Transcribe the data as written, minus images.

◆ Dataset content
------------------------------------------------------------------------
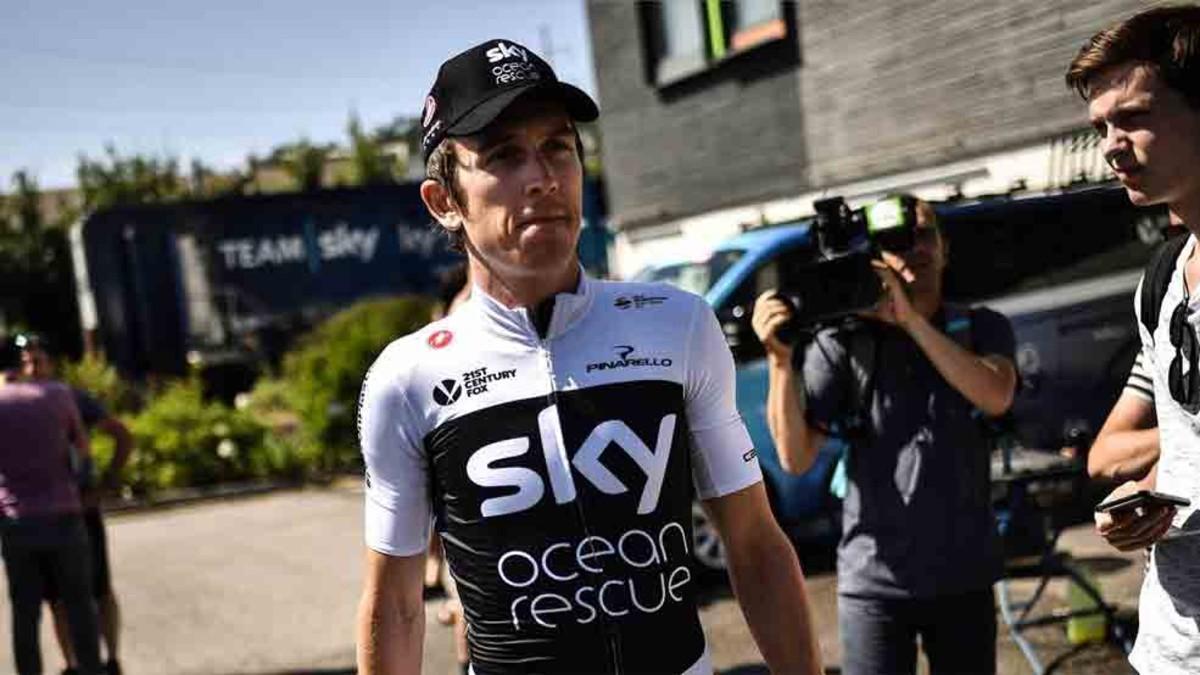 Geraint Thomas, líder del Tour de Francia 2018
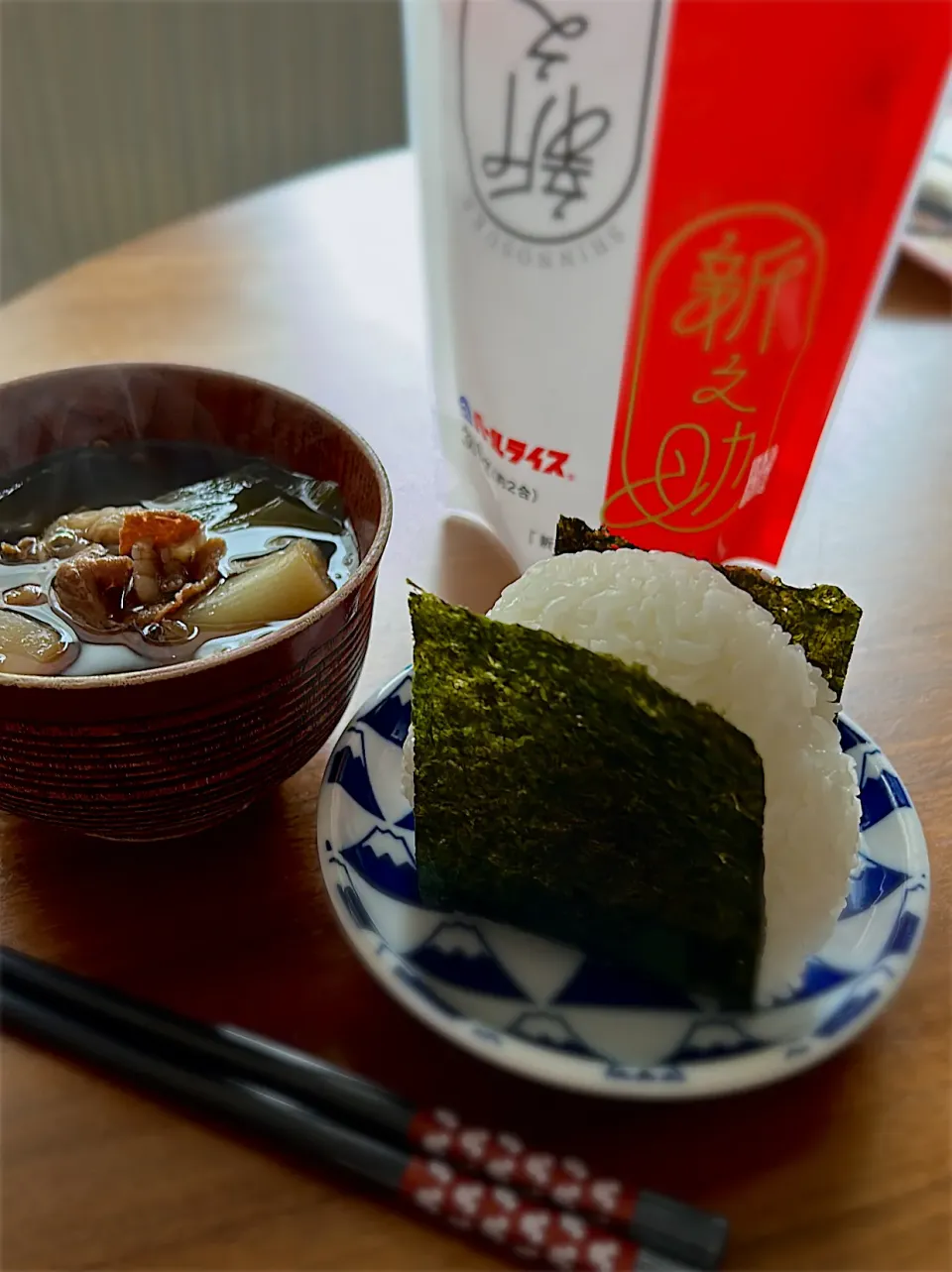 本日の朝食|こまめさん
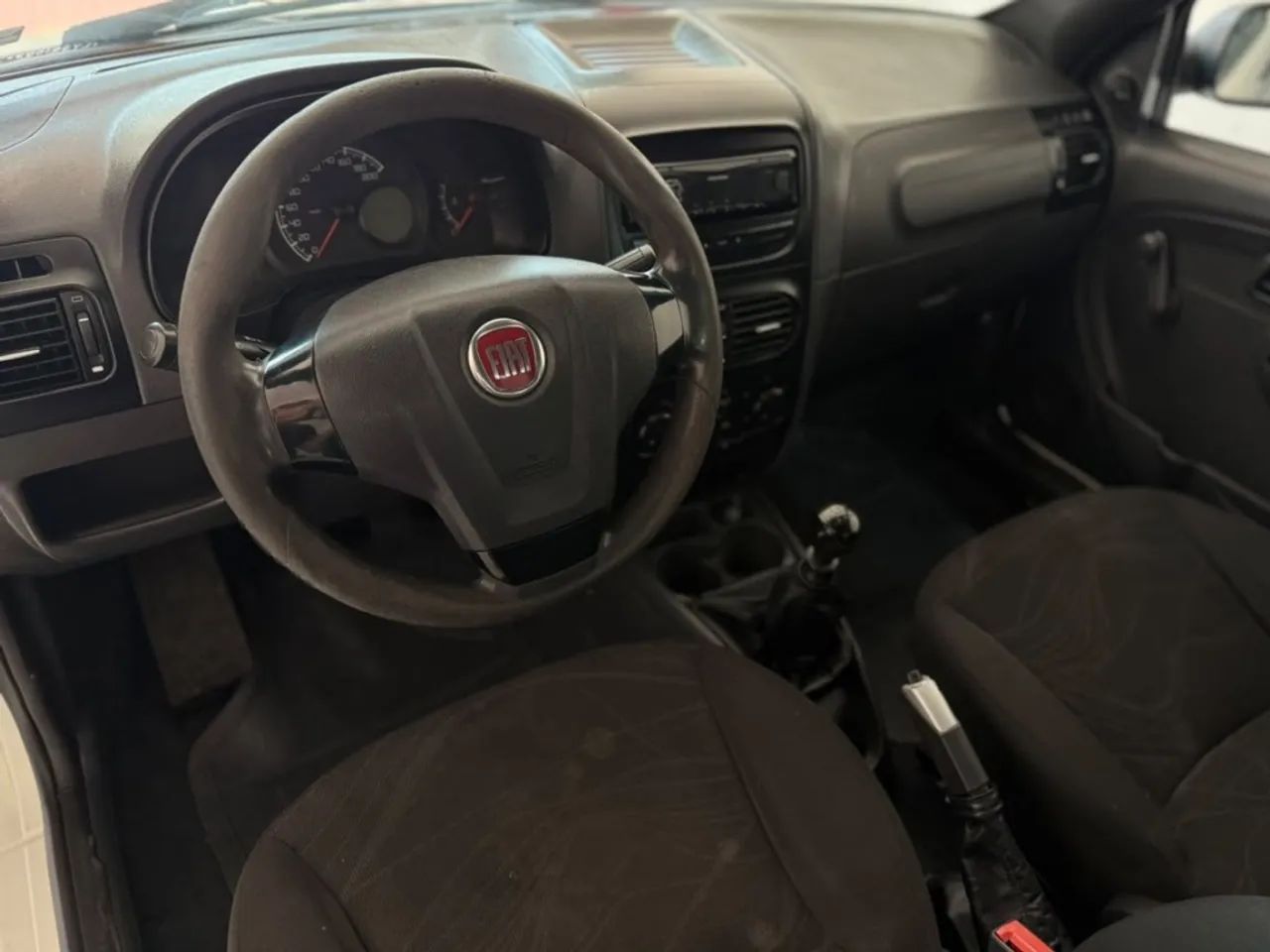 Fiat Strada Working Hard 1.4 Fire Flex 8V CD 2020 - Foto 4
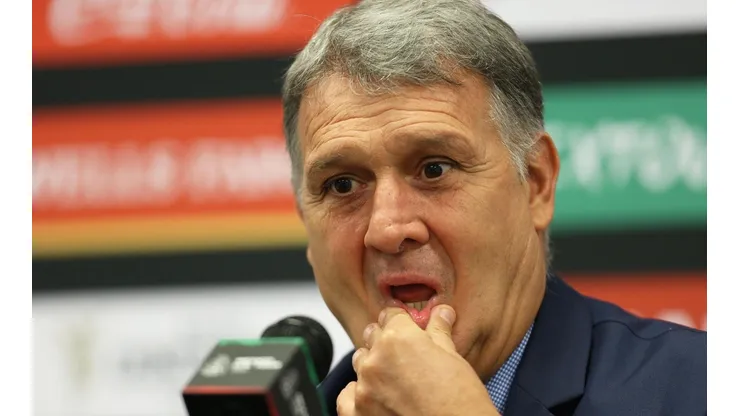 Gerardo Martino, entrenador de la Selección Mexicana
------------------------------------------------------------------------
◆ Response below
 Geraint Thomas, líder del Tour de Francia 2018
 本日の朝食|こまめさん
 Fiat Strada Working Hard 1.4 Fire Flex 8V CD 2020 - Foto 4
 Gerardo Martino, entrenador de la Selección Mexicana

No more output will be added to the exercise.